#### Entries shown:
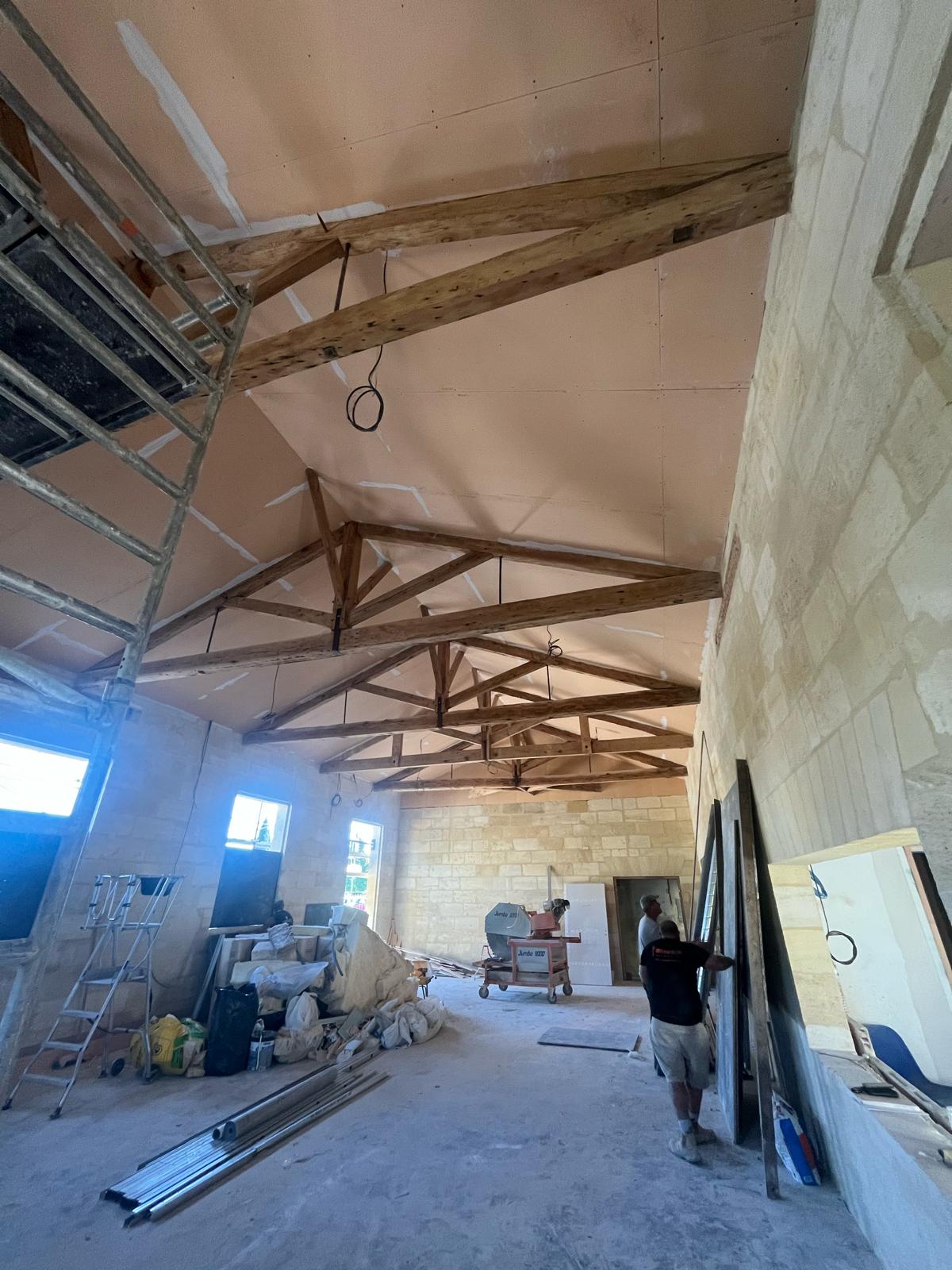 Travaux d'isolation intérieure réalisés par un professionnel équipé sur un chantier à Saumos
---
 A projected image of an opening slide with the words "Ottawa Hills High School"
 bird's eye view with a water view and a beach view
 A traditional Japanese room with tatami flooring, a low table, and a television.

#### To do:
Keep both end lines and retype everything in the records above from the line containing "bird's eye view" through the line containing "A traditional Japanese", exactly, with nothing else.

#### Result of this exercise:
 bird's eye view with a water view and a beach view
 A traditional Japanese room with tatami flooring, a low table, and a television.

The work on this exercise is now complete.